- Task to carry out -
As output, give the exact lines from the one containing "Anita Laurinaitis: So" through the end of the listing below, both included, without the pictures.

- Records supplied -

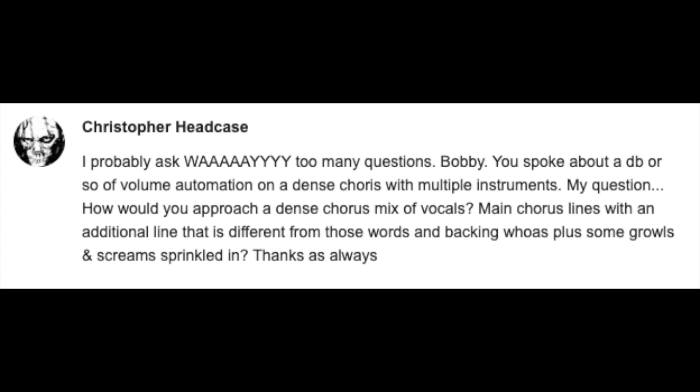Our first question comes from Christopher. You spoke about a dB or so of volume automation on a dense chorus with multiple instruments. His question: how would you approach a dense chorus mix of vocals — main chorus lines with an additional line that is different from those words, and backing woes plus growls and screams sprinkled in? The first thing I have to say is you want to make sure that your arrangement is right in the first place. So many times people send me things to mix and there are so many extra tracks that just aren't necessary — often conflicting with the main vocal line that the listener should be paying attention to.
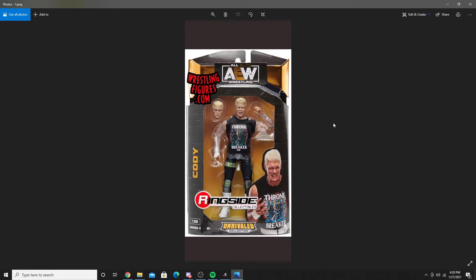Welcome back to Marty's Toy Box. In today's video, it's a big figure day. We have all of AEW Unrivaled number four, mint on card in this video, and then a whole new UFC series is being released later tonight from Jeremy Khan himself.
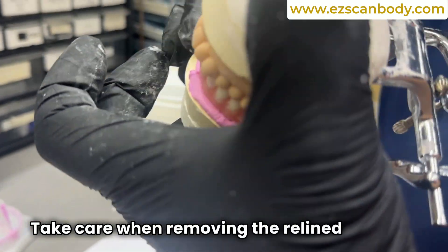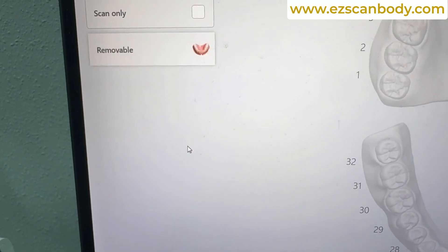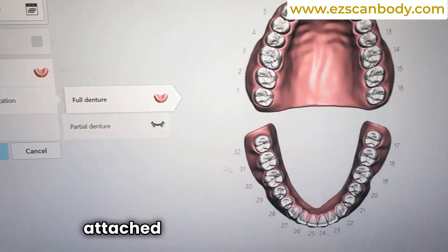Take care when removing the relined denture from the patient's mouth to avoid snagging on stitches. Ensure the impression material remains securely attached to the denture.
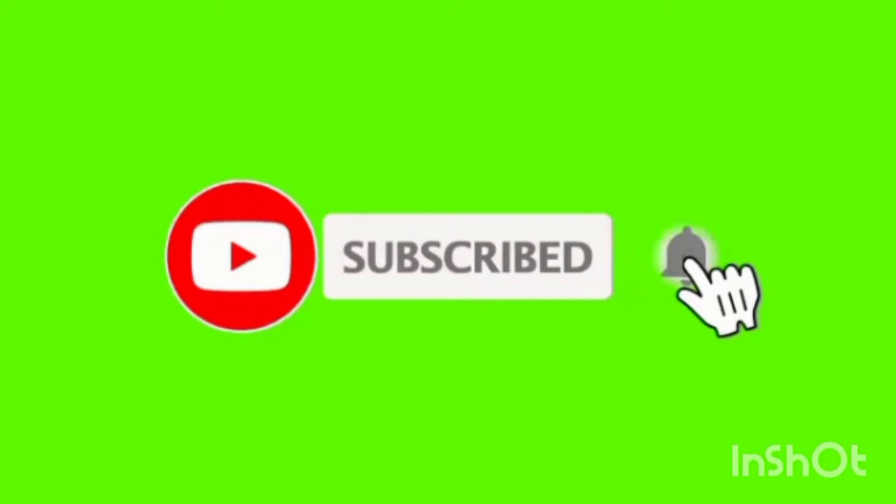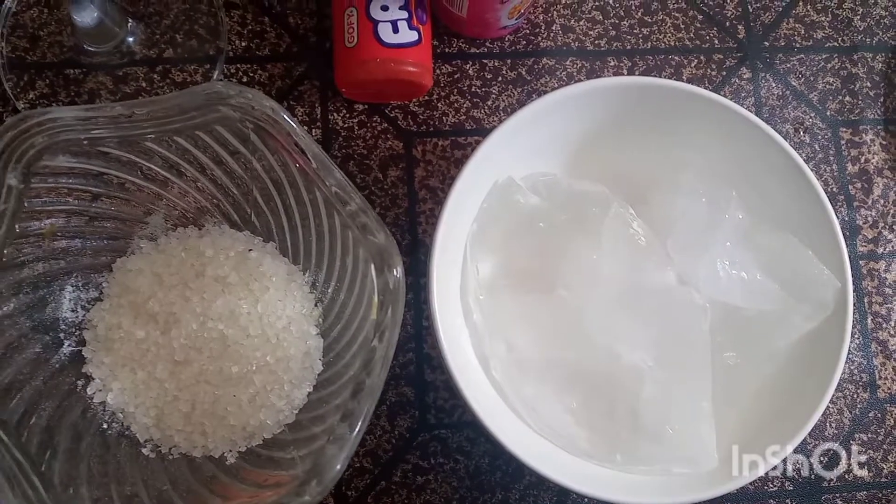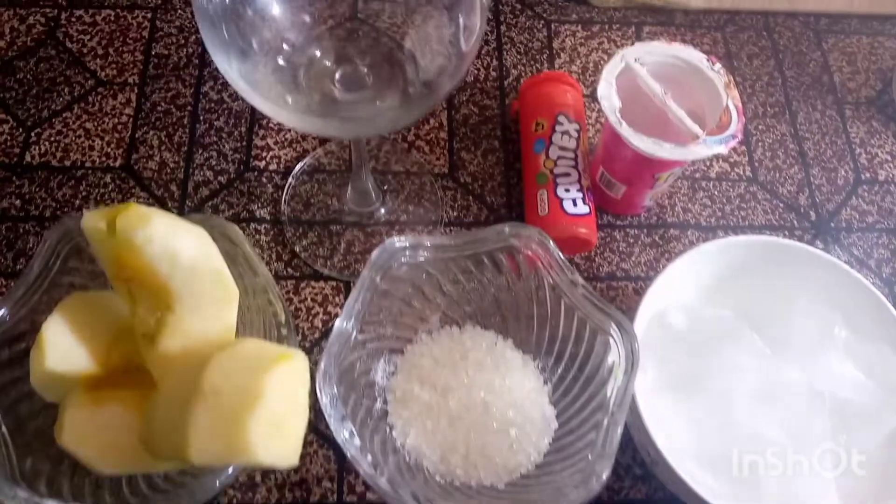We have 1 large golden apple, sugar, 2 dishes, 1 pinch of salt, and half a glass of chilled water.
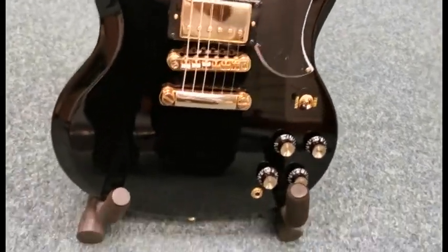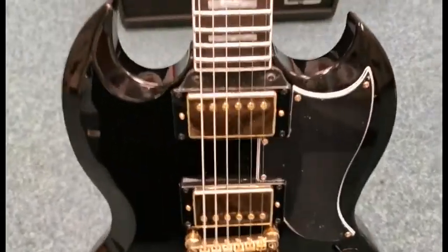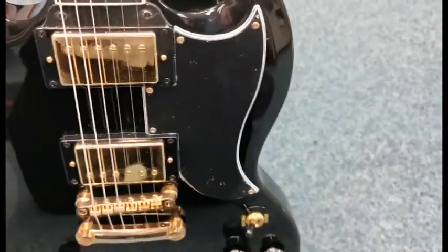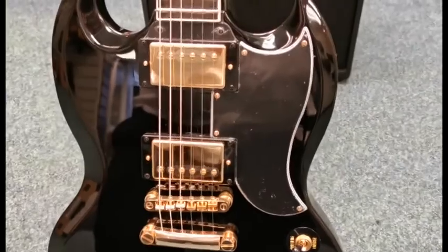It is in fantastic condition. I've been around it and I can't see any sort of marks or scuffs or scratches. It's still got the cellophane covering on the pickups and on the scratch plate itself, so those marks are on the cellophane cover.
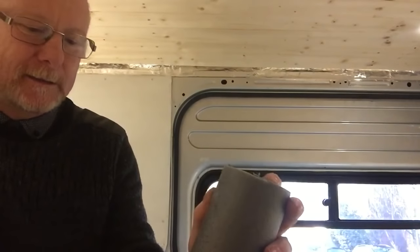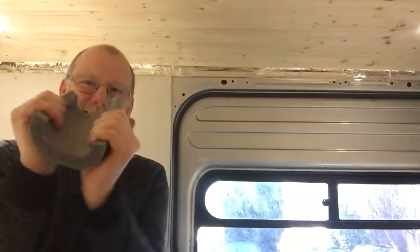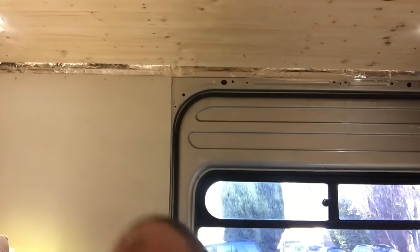So now we've got this bit of insulation — I'm going to pop that over the pump and see what it sounds like. It's actually made it louder. Well, that didn't work.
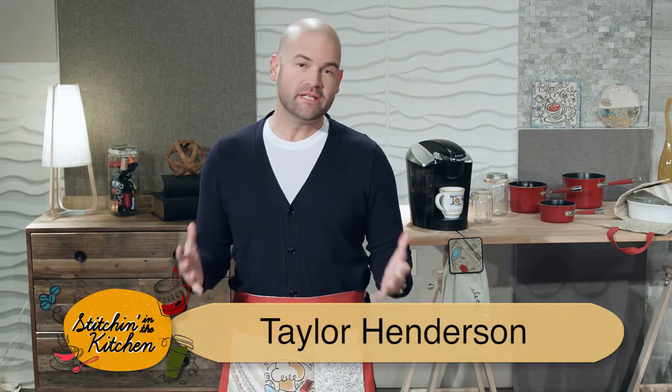Hey y'all, it's Taylor here. Thanks for joining me in the kitchen — we are going to keep stitching in the kitchen.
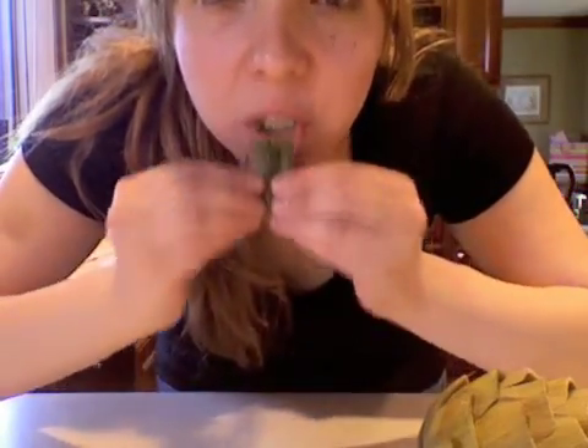Trying to get to the heart of it all. There's a fuzzy part called the choke — you want to remove it. Then you've got this heart here.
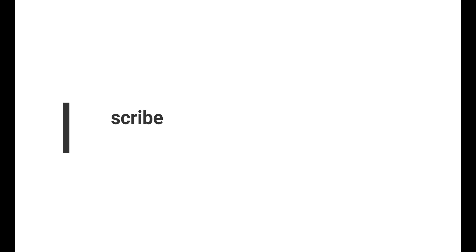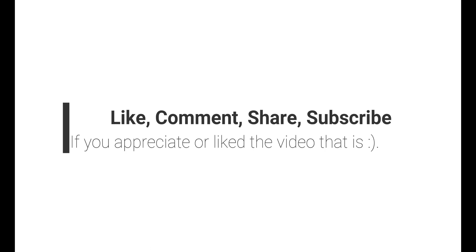There you go, guys. Let me know what you think in the comment section. As usual — like, comment, share, subscribe — all that stuff helps the channel. If you like the video, give it a big thumbs up. Cheers!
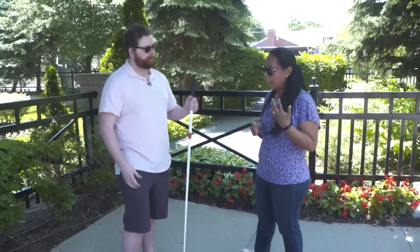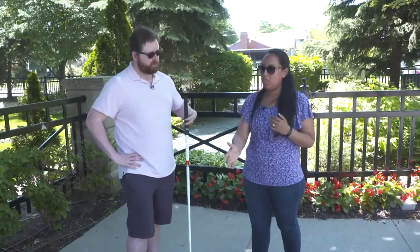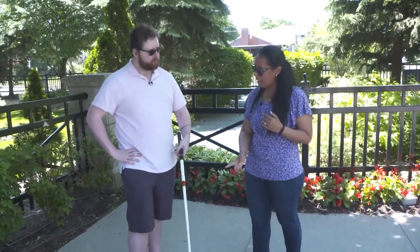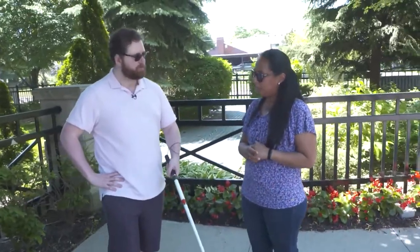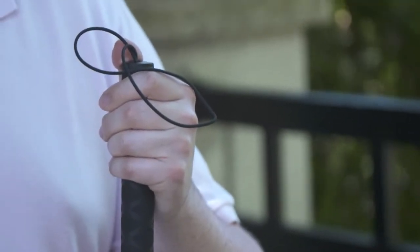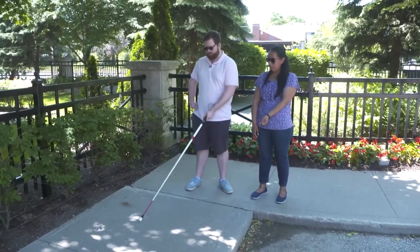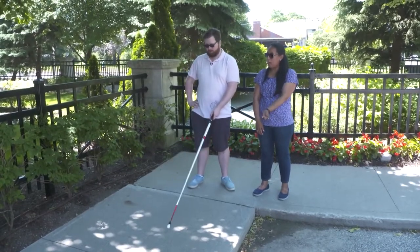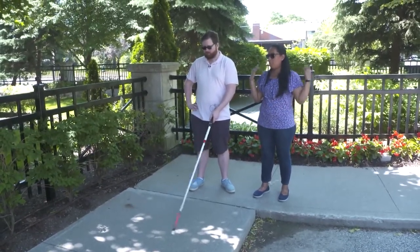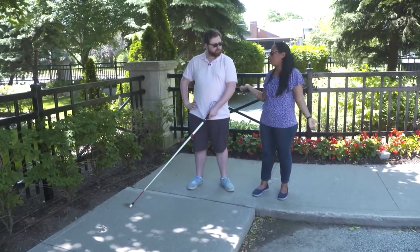Anita Laurinaitis: So the first thing we're going to talk about is how to hold your cane. You want to hold your cane as if you're reaching out to hold somebody's hand — hand out like that. You're going to have your thumb and index finger wrapped around it. You're going to have that cane at midline, so in the middle of your body. And you're going to flex it from your wrist back and forth. You're going to cover the widest part of your body — that's your shoulders, about an inch past each shoulder.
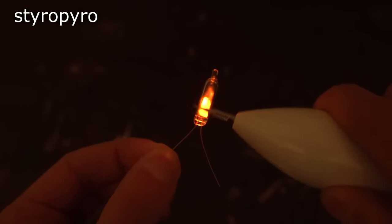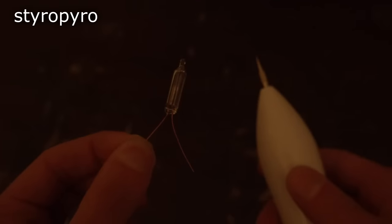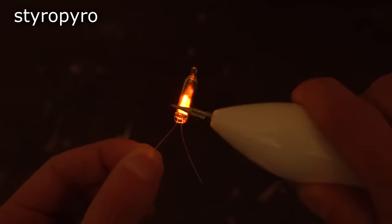Check this out — since it can light up this neon bulb, this thing's got to be producing relatively high voltage. These things don't light up until you're close to 100 volts or so.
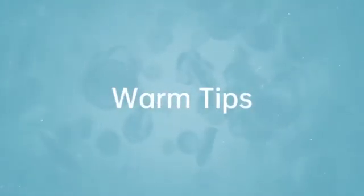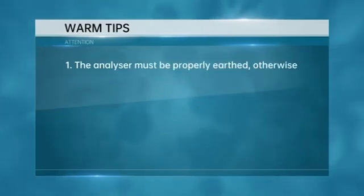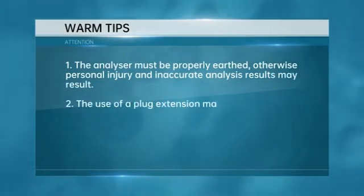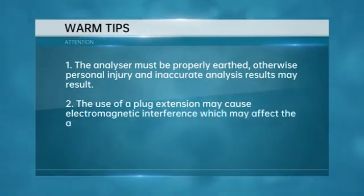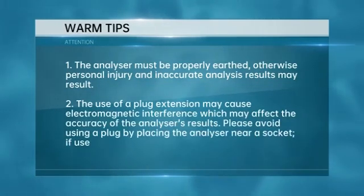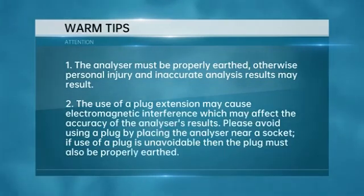Warm Tips. 1. The analyzer must be properly earthed, otherwise personal injury and inaccurate analysis results may result. 2. The use of a plug extension may cause electromagnetic interference, which may affect the accuracy of the analyzer's results. 3. Please avoid using an extension plug by placing the analyzer near a socket. If use of an extension plug is unavoidable, then the plug must also be properly earthed.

- Finished task -
Anita Laurinaitis: So the first thing we're going to talk about is how to hold your cane. You want to hold your cane as if you're reaching out to hold somebody's hand — hand out like that. You're going to have your thumb and index finger wrapped around it. You're going to have that cane at midline, so in the middle of your body. And you're going to flex it from your wrist back and forth. You're going to cover the widest part of your body — that's your shoulders, about an inch past each shoulder.
Check this out — since it can light up this neon bulb, this thing's got to be producing relatively high voltage. These things don't light up until you're close to 100 volts or so.
Warm Tips. 1. The analyzer must be properly earthed, otherwise personal injury and inaccurate analysis results may result. 2. The use of a plug extension may cause electromagnetic interference, which may affect the accuracy of the analyzer's results. 3. Please avoid using an extension plug by placing the analyzer near a socket. If use of an extension plug is unavoidable, then the plug must also be properly earthed.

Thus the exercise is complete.